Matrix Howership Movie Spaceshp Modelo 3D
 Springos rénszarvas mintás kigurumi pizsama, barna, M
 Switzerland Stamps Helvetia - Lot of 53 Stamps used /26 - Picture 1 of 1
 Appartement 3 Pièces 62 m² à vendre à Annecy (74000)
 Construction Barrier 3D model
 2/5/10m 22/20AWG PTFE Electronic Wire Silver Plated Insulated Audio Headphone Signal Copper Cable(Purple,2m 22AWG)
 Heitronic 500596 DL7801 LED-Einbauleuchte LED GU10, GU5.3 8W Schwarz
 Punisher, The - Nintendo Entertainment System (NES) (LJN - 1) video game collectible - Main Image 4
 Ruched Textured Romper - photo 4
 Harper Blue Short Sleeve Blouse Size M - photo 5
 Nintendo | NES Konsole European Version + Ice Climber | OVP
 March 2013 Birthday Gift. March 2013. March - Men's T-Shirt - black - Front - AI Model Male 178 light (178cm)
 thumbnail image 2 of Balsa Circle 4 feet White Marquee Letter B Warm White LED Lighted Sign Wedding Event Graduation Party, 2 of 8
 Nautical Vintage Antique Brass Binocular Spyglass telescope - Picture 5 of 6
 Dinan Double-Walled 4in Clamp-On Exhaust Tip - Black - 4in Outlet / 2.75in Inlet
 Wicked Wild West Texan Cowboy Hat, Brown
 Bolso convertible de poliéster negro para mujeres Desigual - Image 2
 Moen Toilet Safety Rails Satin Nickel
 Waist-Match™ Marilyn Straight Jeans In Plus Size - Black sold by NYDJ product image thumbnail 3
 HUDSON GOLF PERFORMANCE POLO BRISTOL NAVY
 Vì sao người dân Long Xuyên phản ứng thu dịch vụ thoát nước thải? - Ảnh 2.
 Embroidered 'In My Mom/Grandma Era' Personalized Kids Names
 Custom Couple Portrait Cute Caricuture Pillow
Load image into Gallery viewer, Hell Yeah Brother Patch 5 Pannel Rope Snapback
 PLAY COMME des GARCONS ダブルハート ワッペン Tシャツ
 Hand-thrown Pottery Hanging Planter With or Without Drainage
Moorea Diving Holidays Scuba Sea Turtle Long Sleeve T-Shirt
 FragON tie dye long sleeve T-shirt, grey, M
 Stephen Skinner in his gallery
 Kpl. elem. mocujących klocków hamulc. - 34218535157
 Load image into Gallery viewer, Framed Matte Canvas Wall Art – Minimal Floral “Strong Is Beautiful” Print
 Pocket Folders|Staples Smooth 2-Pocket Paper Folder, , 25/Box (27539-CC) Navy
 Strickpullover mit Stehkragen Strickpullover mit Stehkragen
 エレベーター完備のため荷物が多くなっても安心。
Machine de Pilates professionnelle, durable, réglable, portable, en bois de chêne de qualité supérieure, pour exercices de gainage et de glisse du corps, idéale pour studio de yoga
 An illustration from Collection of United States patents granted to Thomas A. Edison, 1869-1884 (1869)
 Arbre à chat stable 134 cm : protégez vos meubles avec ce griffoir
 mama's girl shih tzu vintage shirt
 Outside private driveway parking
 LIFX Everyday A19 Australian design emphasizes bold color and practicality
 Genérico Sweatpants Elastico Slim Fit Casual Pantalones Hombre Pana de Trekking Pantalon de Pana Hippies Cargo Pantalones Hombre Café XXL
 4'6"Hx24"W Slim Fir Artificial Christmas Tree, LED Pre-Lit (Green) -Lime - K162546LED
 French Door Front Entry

§ **Requirement**:
Nothing may be left out or altered: reproduce the complete listing.

§ **Answer to the exercise**:
Matrix Howership Movie Spaceshp Modelo 3D
 Springos rénszarvas mintás kigurumi pizsama, barna, M
 Switzerland Stamps Helvetia - Lot of 53 Stamps used /26 - Picture 1 of 1
 Appartement 3 Pièces 62 m² à vendre à Annecy (74000)
 Construction Barrier 3D model
 2/5/10m 22/20AWG PTFE Electronic Wire Silver Plated Insulated Audio Headphone Signal Copper Cable(Purple,2m 22AWG)
 Heitronic 500596 DL7801 LED-Einbauleuchte LED GU10, GU5.3 8W Schwarz
 Punisher, The - Nintendo Entertainment System (NES) (LJN - 1) video game collectible - Main Image 4
 Ruched Textured Romper - photo 4
 Harper Blue Short Sleeve Blouse Size M - photo 5
 Nintendo | NES Konsole European Version + Ice Climber | OVP
 March 2013 Birthday Gift. March 2013. March - Men's T-Shirt - black - Front - AI Model Male 178 light (178cm)
 thumbnail image 2 of Balsa Circle 4 feet White Marquee Letter B Warm White LED Lighted Sign Wedding Event Graduation Party, 2 of 8
 Nautical Vintage Antique Brass Binocular Spyglass telescope - Picture 5 of 6
 Dinan Double-Walled 4in Clamp-On Exhaust Tip - Black - 4in Outlet / 2.75in Inlet
 Wicked Wild West Texan Cowboy Hat, Brown
 Bolso convertible de poliéster negro para mujeres Desigual - Image 2
 Moen Toilet Safety Rails Satin Nickel
 Waist-Match™ Marilyn Straight Jeans In Plus Size - Black sold by NYDJ product image thumbnail 3
 HUDSON GOLF PERFORMANCE POLO BRISTOL NAVY
 Vì sao người dân Long Xuyên phản ứng thu dịch vụ thoát nước thải? - Ảnh 2.
 Embroidered 'In My Mom/Grandma Era' Personalized Kids Names
 Custom Couple Portrait Cute Caricuture Pillow
Load image into Gallery viewer, Hell Yeah Brother Patch 5 Pannel Rope Snapback
 PLAY COMME des GARCONS ダブルハート ワッペン Tシャツ
 Hand-thrown Pottery Hanging Planter With or Without Drainage
Moorea Diving Holidays Scuba Sea Turtle Long Sleeve T-Shirt
 FragON tie dye long sleeve T-shirt, grey, M
 Stephen Skinner in his gallery
 Kpl. elem. mocujących klocków hamulc. - 34218535157
 Load image into Gallery viewer, Framed Matte Canvas Wall Art – Minimal Floral “Strong Is Beautiful” Print
 Pocket Folders|Staples Smooth 2-Pocket Paper Folder, , 25/Box (27539-CC) Navy
 Strickpullover mit Stehkragen Strickpullover mit Stehkragen
 エレベーター完備のため荷物が多くなっても安心。
Machine de Pilates professionnelle, durable, réglable, portable, en bois de chêne de qualité supérieure, pour exercices de gainage et de glisse du corps, idéale pour studio de yoga
 An illustration from Collection of United States patents granted to Thomas A. Edison, 1869-1884 (1869)
 Arbre à chat stable 134 cm : protégez vos meubles avec ce griffoir
 mama's girl shih tzu vintage shirt
 Outside private driveway parking
 LIFX Everyday A19 Australian design emphasizes bold color and practicality
 Genérico Sweatpants Elastico Slim Fit Casual Pantalones Hombre Pana de Trekking Pantalon de Pana Hippies Cargo Pantalones Hombre Café XXL
 4'6"Hx24"W Slim Fir Artificial Christmas Tree, LED Pre-Lit (Green) -Lime - K162546LED
 French Door Front Entry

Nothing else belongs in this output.